-- Work item --
The answer must be an exact copy of the lines from the one containing "Download mpo303 APK" through the last line of the records, with no pictures.
═══
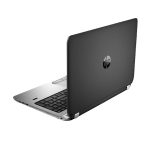 لپ تاپ استوک اچ پی مدل HP EliteBook 440 G2 نسل چهارم i5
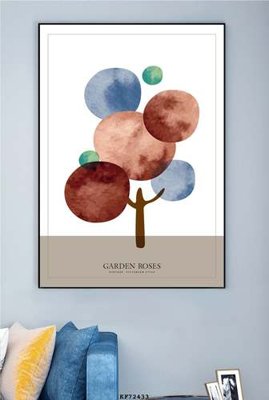 Tải file File tranh hiện đại pha lê gương KF72433 (ảnh gốc) in tráng gương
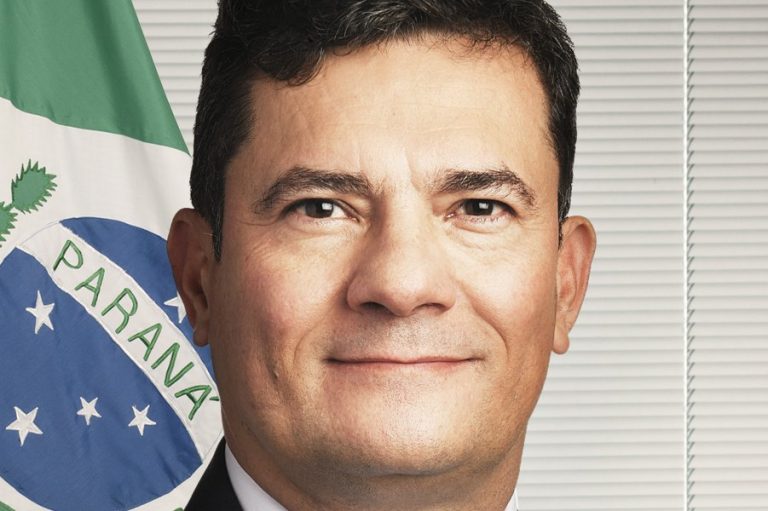 Brazil’s Car Wash Scandal Continues to Rock Political Establishment Years Later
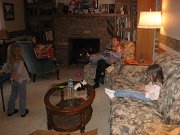 IMG_3591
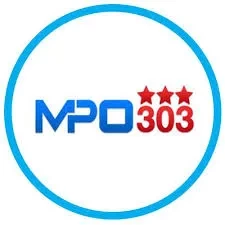 Download mpo303 APK untuk Android dan ongwin: Rangkuman Brand yang Banyak Dicari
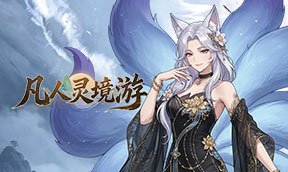 关注微信公众号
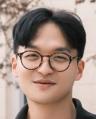 이 수민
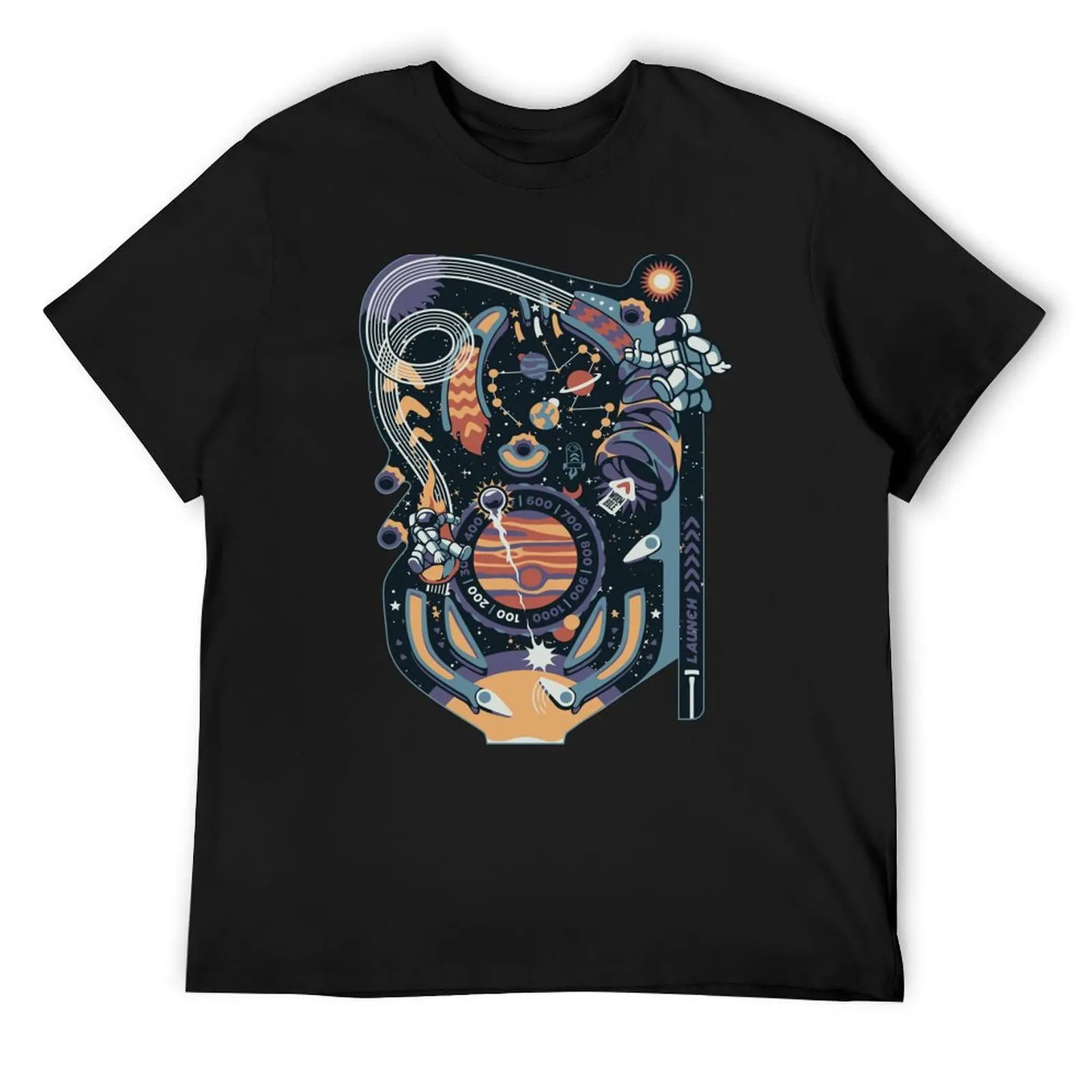 Π€ΡΡΠ±ΠΎΠ»ΠΊΠ° Pinball Space Machine ΠΎΡ Tobe Fonseca, ΠΎΠ΄Π΅ΠΆΠ΄Π° Ρ ΡΠΈΠ³ΡΡΠΊΠ°ΠΌΠΈ Π°Π½ΠΈΠΌΠ΅, ΡΡΠΆΠ΅Π»ΡΠ΅ ΡΡΡΠ±ΠΎΠ»ΠΊΠΈ Π΄Π»Ρ ΠΌΡΠΆΡΠΈΠ½ Π€ΡΡΠ±ΠΎΠ»ΠΊΠ° Pinball Space Machine ΠΎΡ Tobe Fonseca, ΠΎΠ΄Π΅ΠΆΠ΄Π° Ρ ΡΠΈΠ³ΡΡΠΊΠ°ΠΌΠΈ Π°Π½ΠΈΠΌΠ΅, ΡΡΠΆΠ΅Π»ΡΠ΅ ΡΡΡΠ±ΠΎΠ»ΠΊΠΈ Π΄Π»Ρ ΠΌΡΠΆΡΠΈΠ½
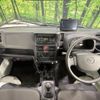 mazda scrum-truck 2021 CFJ1784318 image 3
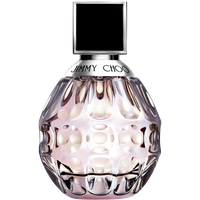 Jimmy Choo Pour Femme E.d.T. Spray 40 ml von Jimmy Choo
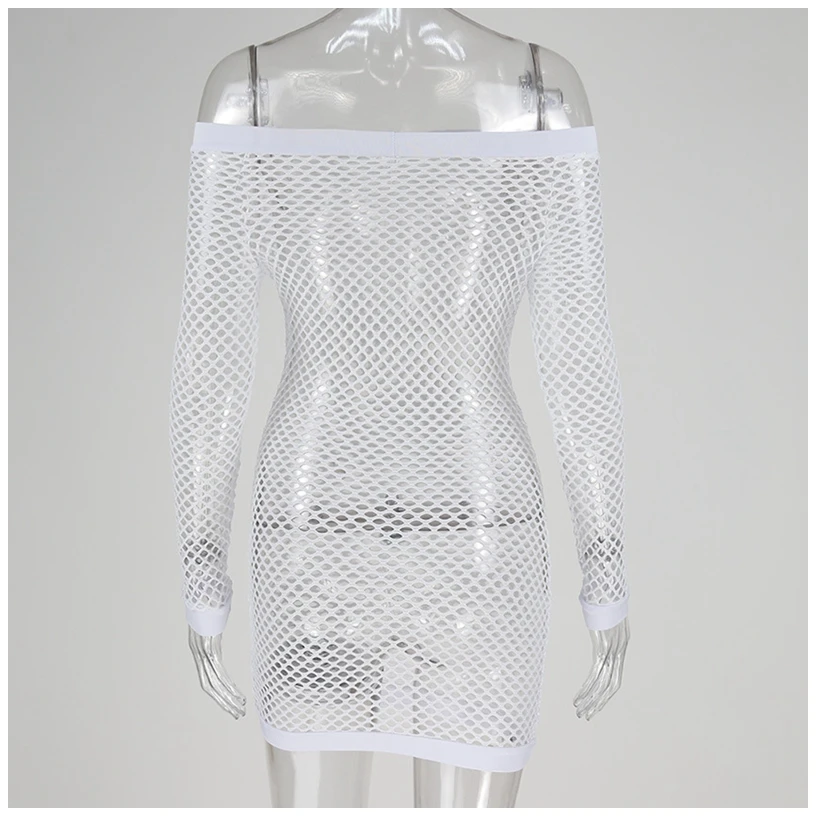 artfashion09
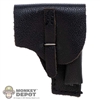 Holster: DiD Beretta 1934 Holster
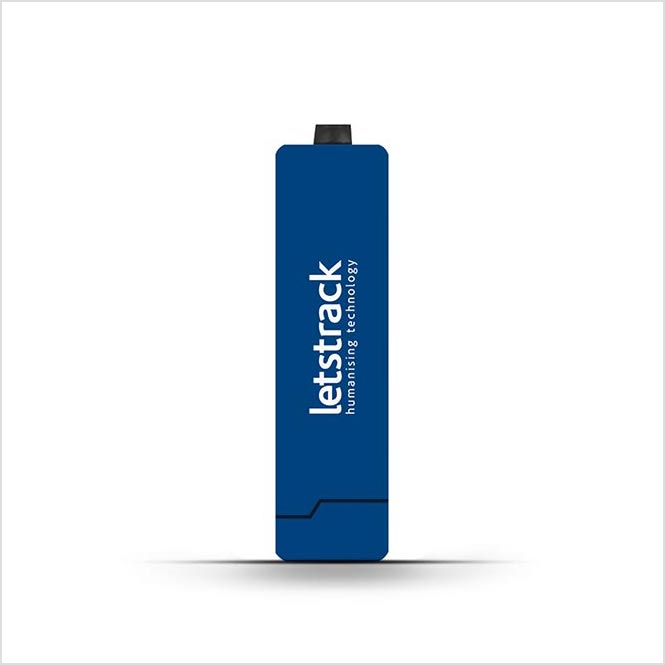 Single Product Image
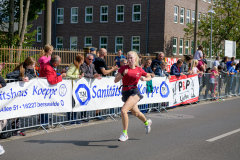 1753_DSC7598_matena-moments_stadtlauf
═══
-- Exercise solution --
 Download mpo303 APK untuk Android dan ongwin: Rangkuman Brand yang Banyak Dicari
 关注微信公众号
 이 수민
 Π€ΡΡΠ±ΠΎΠ»ΠΊΠ° Pinball Space Machine ΠΎΡ Tobe Fonseca, ΠΎΠ΄Π΅ΠΆΠ΄Π° Ρ ΡΠΈΠ³ΡΡΠΊΠ°ΠΌΠΈ Π°Π½ΠΈΠΌΠ΅, ΡΡΠΆΠ΅Π»ΡΠ΅ ΡΡΡΠ±ΠΎΠ»ΠΊΠΈ Π΄Π»Ρ ΠΌΡΠΆΡΠΈΠ½ Π€ΡΡΠ±ΠΎΠ»ΠΊΠ° Pinball Space Machine ΠΎΡ Tobe Fonseca, ΠΎΠ΄Π΅ΠΆΠ΄Π° Ρ ΡΠΈΠ³ΡΡΠΊΠ°ΠΌΠΈ Π°Π½ΠΈΠΌΠ΅, ΡΡΠΆΠ΅Π»ΡΠ΅ ΡΡΡΠ±ΠΎΠ»ΠΊΠΈ Π΄Π»Ρ ΠΌΡΠΆΡΠΈΠ½
 mazda scrum-truck 2021 CFJ1784318 image 3
 Jimmy Choo Pour Femme E.d.T. Spray 40 ml von Jimmy Choo
 artfashion09
 Holster: DiD Beretta 1934 Holster
 Single Product Image
 1753_DSC7598_matena-moments_stadtlauf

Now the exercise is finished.